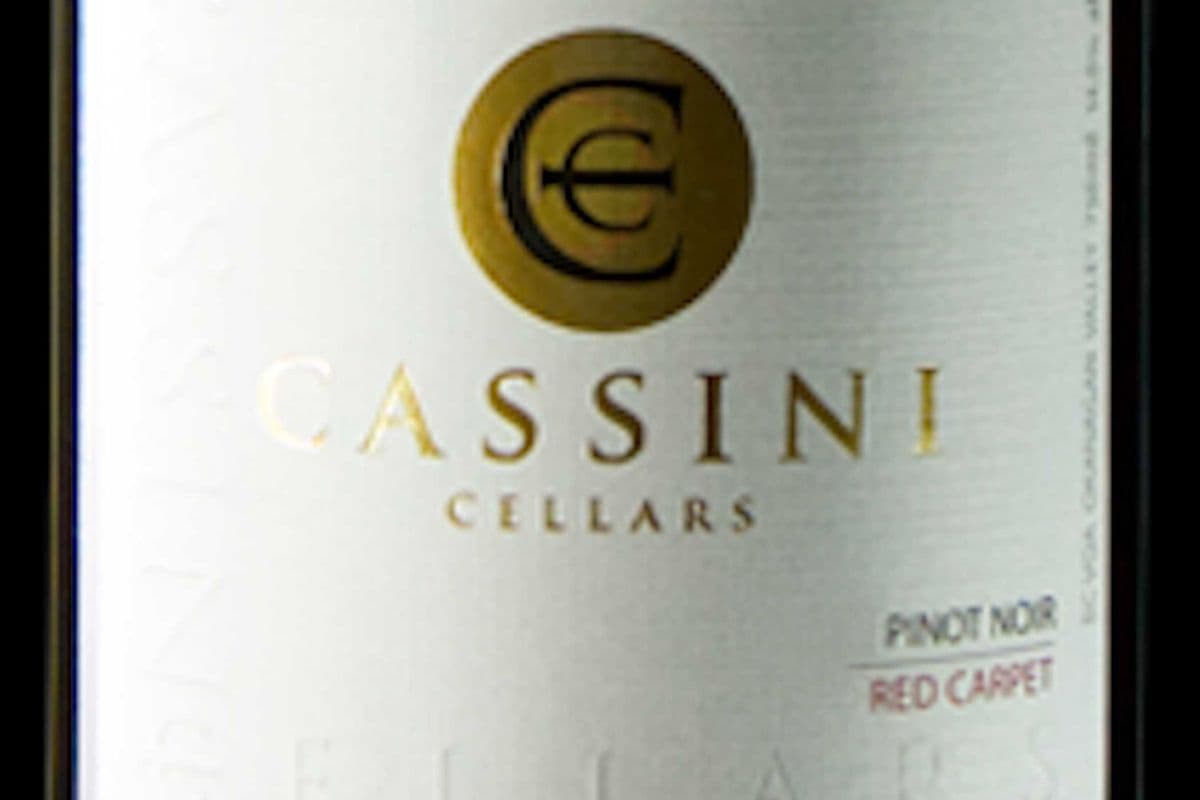 Cassini Pinot Noir 750ml (1 x 750ml)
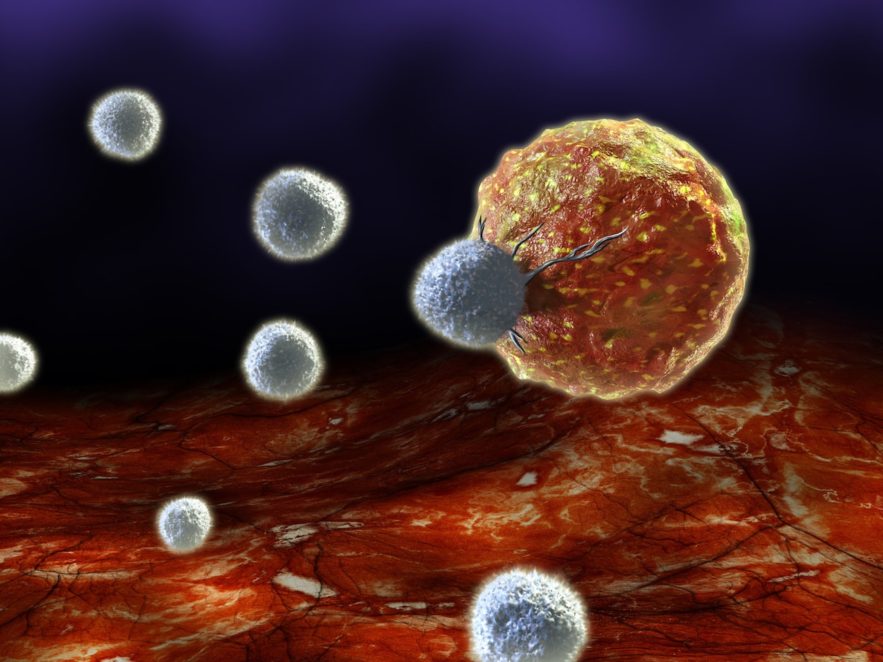 maladie auto immune PD-1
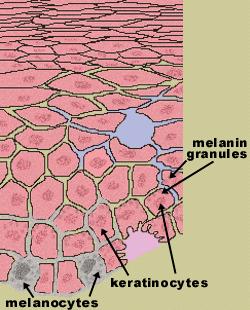Mechanismus zhnědnutí kůže Je obranná reakce na poškození kůže.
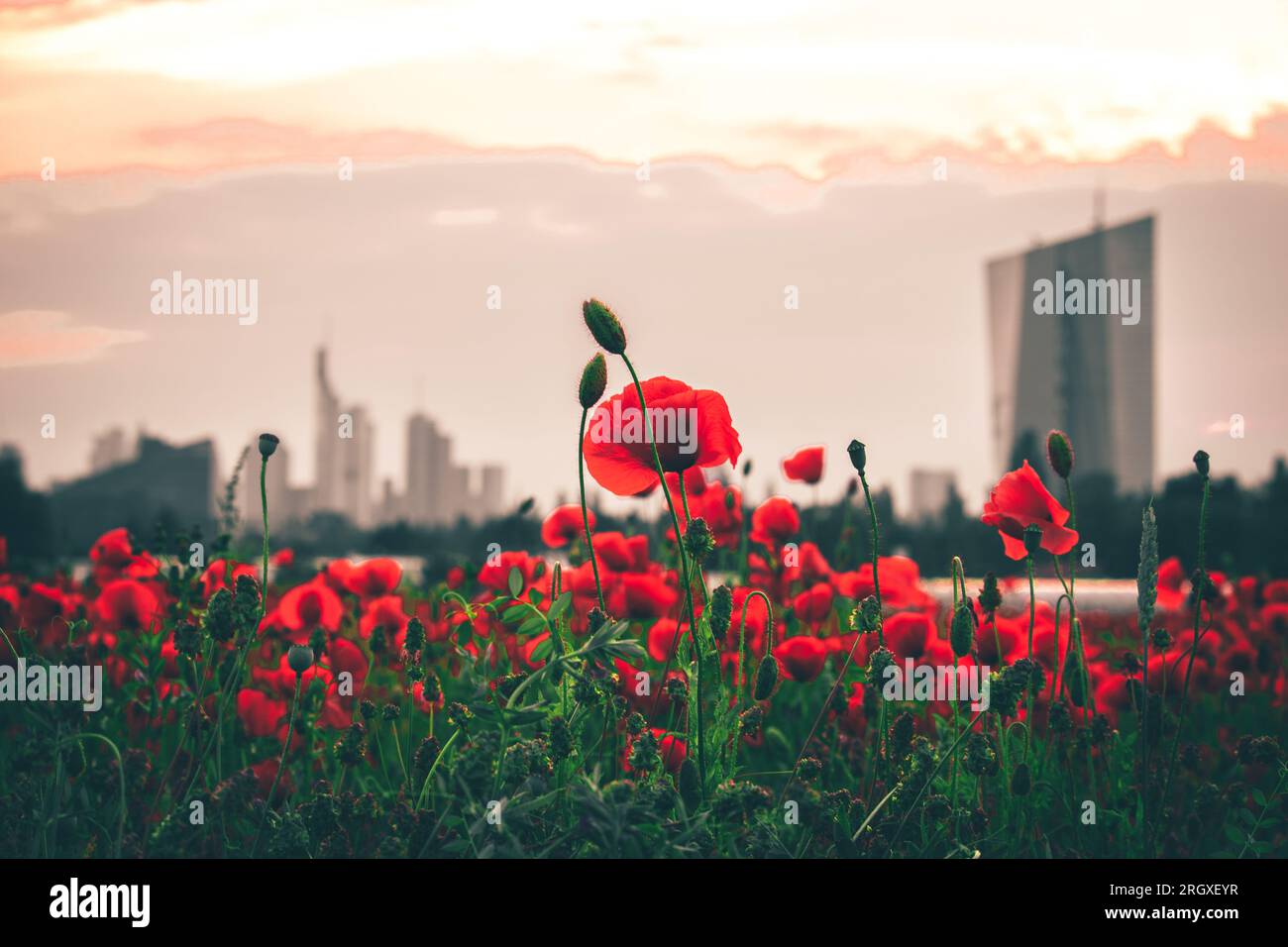 Poppy Field di fronte a Francoforte al tramonto. splendida vista della città, dello skyline e dei fiori di papavero in primo piano. Pianta con f. Rossa Foto Stock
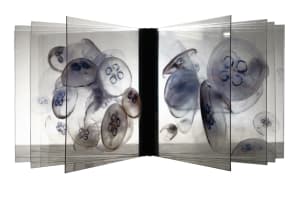 Aquarium de la serie "Ad infinitum"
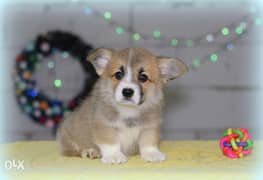 Welsh corgi Puppies Ready for reservation " Imported" 0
****************
> TASK BRIEF:
What is needed is an exact copy of the lines from the line with "Poppy Field di" to the end of the data above, both included, without any pictures.

> ANSWER FOR THIS EXERCISE:
 Poppy Field di fronte a Francoforte al tramonto. splendida vista della città, dello skyline e dei fiori di papavero in primo piano. Pianta con f. Rossa Foto Stock
 Aquarium de la serie "Ad infinitum"
 Welsh corgi Puppies Ready for reservation " Imported" 0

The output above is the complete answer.